Terjun dalam PESPARANI sesungguhnya sama
seperti keikutsertaan dalam kebaktian pelayanan kesaksian paduan suara
di gereja. Setiap yang terlibat, konduktor, sopran, alto, tenor dan bas
hingga pemusik yang mengiringi, harus selalu tampil dengan penuh
tanggungjawab sehingga paduan suara yang dilantunkan adalah merupakan
refleksi iman. Oleh karena itu rangkaian persiapan PESPARAWI perlu untuk
mengupayakan hal-hal berikut:
- Agar kualitas iman dan ketaqwaan kita semakin meningkat, tata cara dan pola hidup semakin terarah kepada kepenuhan firman Tuhan, hidup dalam kasih dan peduli terhadap sesama, jadi bagian dari pelayanan Kristiani khususnya dalam era pembangunan nasional saat ini agar kesejahteraan masyarakat semakin terwujud. Saling memperhatikan satu dengan lainnya, yang merasa mampu hendaklah menopang yang lemah. Sebaliknya yang lemah bersedia dituntun.
- Agar memahami keaneka-ragaman denominasi sebagai anugerah Tuhan yang disyukuri, bukan sebaliknya, agar terwujud kerukunan.
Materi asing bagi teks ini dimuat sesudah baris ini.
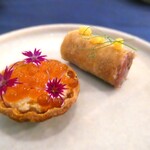 Le Coin Discret - 噴火湾マグロ脳天のロールチュイル　鰤スモークと白ワイン漬けイクラのタルト　ーク、白ワイン漬けイクラ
Tembok-tembok pemisah akan semakin menipis sehingga setiap umat Kristen di manapun menikmati persaudaraan, seiman dan rukun dalam sikap dan tindakan sehari-hari. Di sisi lain, kita berharap saudara- saudara beragama lainnya juga bersikap sama karena kebhinekaan kita sebagai bangsa hendaklah dijadikan sebagai sarana kesemarakan hidup berbangsa dan bernegara, bukan untuk menekan yang lain.
- Agar memahami bahwa istilah pertandingan dalam bahasa lomba paduan suara, bukan dalam istilah sehari-hari di mana orang saling mengalahkan dan menjatuhkan dan yang dipertandingkan adalah kualitas pembinaan sehingga pengertian 'lomba' adalah "kualitas paduan suara diperbandingkan." (bukan dipertandingkan).
- Agar pesta paduan suara gerejawi jauh dari kesan pemborosan materiel karena kontingen-kontingen yang berpartisipasi juga mewakili seluruh lapisan Indonesia yang dalam berbagai hal kehidupannya masih diwarnai keterbatasan-keterbatasan yang sangat elementer.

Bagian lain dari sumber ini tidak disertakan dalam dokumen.